Dispersion parameter (per gene).

required

Returns:

Type Description
Float[Array, '']

Mean negative log-likelihood (scalar).

VAELoss¤

diffbio.losses.statistical_losses.VAELoss ¤

VAELoss(
    kl_weight: float = 1.0,
    reconstruction_type: str = "mse",
    *,
    rngs: Rngs | None = None,
)

Bases: Module

Variational autoencoder ELBO loss.

Combines reconstruction loss with KL divergence regularization: ELBO = E[log p(x|z)] - KL(q(z|x) || p(z))

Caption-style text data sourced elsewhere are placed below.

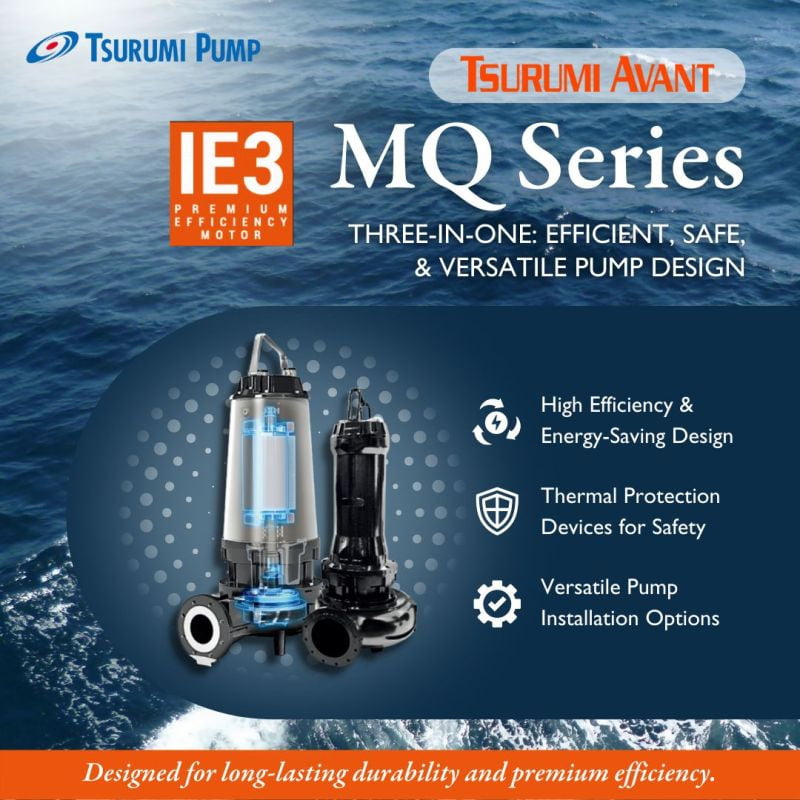 Tsurumi Avant MQ Submersible Sewage Pump
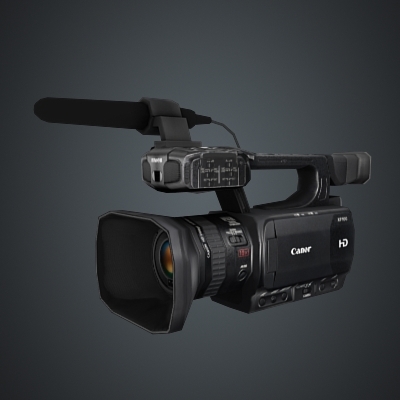 3d model of canon xf100 camcorder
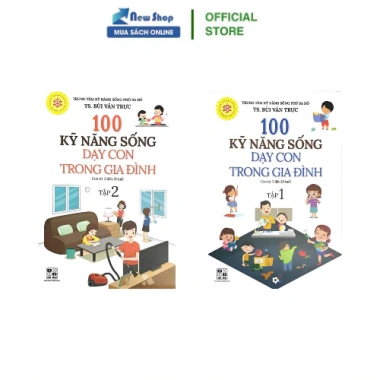 Sách 100 Kỹ Năng Sống Dạy Con 3-10 tuổi - Giá 332.500 VND, tư duy gia đình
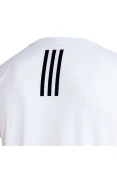 CAMISETA ADIDAS OWN THE RUN 3 LISTRAS MASCULINA - Branco CAMISETA ADIDAS OWN THE RUN 3 LISTRAS MASCULINA - Branco
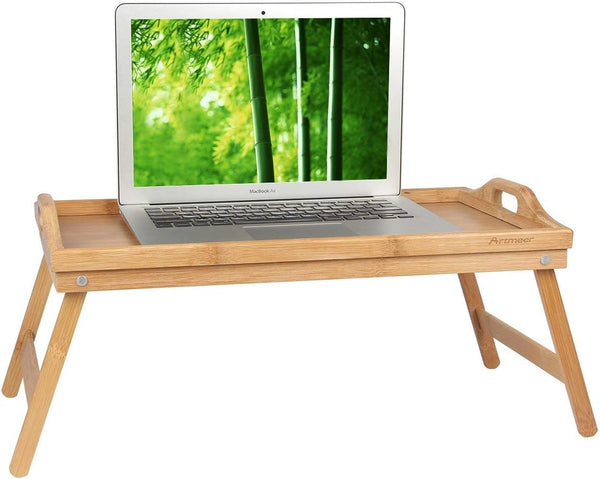 Bed Tray Table with Folding Legs,Serving Breakfast in Bed or Use As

For Gaussian encoder and prior: KL = -0.5 * sum(1 + log(var) - mean^2 - var)

Parameters:

Name Type Description Default
kl_weight float

Weight for KL divergence term (beta-VAE).

1.0
reconstruction_type str

Type of reconstruction loss ("mse" or "bce").

'mse'
rngs Rngs | None

Flax NNX random number generators.

None
Example
loss_fn = VAELoss(kl_weight=1.0, rngs=nnx.Rngs(42))
loss = loss_fn(x, x_recon, mean, logvar)

Parameters:

Name Type Description Default
kl_weight float

Weight for KL term.

1.0
reconstruction_type str

"mse" or "bce".

'mse'
rngs Rngs | None

Random number generators (not used, for API consistency).

None

__call__ ¤

__call__(
    x: Float[Array, "batch features"],
    x_recon: Float[Array, "batch features"],
    mean: Float[Array, "batch latent"],
    logvar: Float[Array, "batch latent"],
) -> Float[Array, ""]

Compute VAE ELBO loss.

Parameters:

Name Type Description Default
x Float[Array, 'batch features']

Original input.

required
x_recon Float[Array, 'batch features']

Reconstructed input.

required
mean Float[Array, 'batch latent']

Encoder mean.

required
logvar Float[Array, 'batch latent']

Encoder log-variance.

required

Returns:

Type Description
Float[Array, '']

Negative ELBO (scalar).

HMMLikelihoodLoss¤

diffbio.losses.statistical_losses.HMMLikelihoodLoss ¤

HMMLikelihoodLoss(
    n_states: int,
    n_emissions: int,
    *,
    rngs: Rngs | None = None,
)

Bases: Module

HMM negative log-likelihood loss.

Computes the negative log-likelihood of sequences under a Hidden Markov Model using the forward algorithm with logsumexp for stability.

Parameters:

Name Type Description Default
n_states int

Number of hidden states.

required
n_emissions int

Number of emission symbols.

required
rngs Rngs | None

Flax NNX random number generators.

None
Example
loss_fn = HMMLikelihoodLoss(n_states=3, n_emissions=4, rngs=rnx.Rngs(42))
nll = loss_fn(observations)

Parameters:

Name Type Description Default
n_states int

Number of hidden states.

required
n_emissions int

Number of emission symbols.

required
rngs Rngs | None

Random number generators.

None

__call__ ¤

__call__(
    observations: Int[Array, "batch seq_len"],
) -> Float[Array, ""]

Compute mean negative log-likelihood over batch.

Parameters:

Name Type Description Default
observations Int[Array, 'batch seq_len']

Batch of integer-encoded sequences.

required

Returns:

Type Description
Float[Array, '']

Mean negative log-likelihood (scalar).

Usage Examples¤

Negative Binomial Loss¤

from diffbio.losses import NegativeBinomialLoss

nb_loss = NegativeBinomialLoss()

# For count data (RNA-seq, scRNA-seq)
loss = nb_loss(
    counts=observed_counts,        # (n_samples, n_genes)
    predicted_mean=model_means,    # (n_samples, n_genes)
    dispersion=dispersions,        # (n_genes,) or scalar
)

VAE Loss (ELBO)¤

from diffbio.losses import VAELoss

vae_loss = VAELoss(kl_weight=1.0)

# Evidence lower bound
loss = vae_loss(
    x=input_data,
    x_reconstructed=decoded,
    z_mean=latent_mean,
    z_logvar=latent_logvar,
)

HMM Likelihood Loss¤

from diffbio.losses import HMMLikelihoodLoss

hmm_loss = HMMLikelihoodLoss()

# Negative log-likelihood for HMM training
loss = hmm_loss(
    observations=observed_sequence,
    log_initial=log_initial_probs,
    log_transition=log_transition_matrix,
    log_emission=log_emission_probs,
)

Mathematical Details¤

Negative Binomial¤

\[\log P(k | \mu, \alpha) = \log \Gamma(k + \alpha^{-1}) - \log \Gamma(\alpha^{-1}) - \log k! + \alpha^{-1} \log(\alpha^{-1}) - \alpha^{-1} \log(\mu + \alpha^{-1}) + k \log(\mu) - k \log(\mu + \alpha^{-1})\]

VAE ELBO¤

\[\mathcal{L} = \mathbb{E}_{q(z|x)}[\log p(x|z)] - \beta \cdot D_{KL}(q(z|x) || p(z))\]

HMM Forward Algorithm¤

\[\alpha_t(j) = p(o_1, ..., o_t, s_t = j | \lambda)\]

Computed in log-space using logsumexp for numerical stability.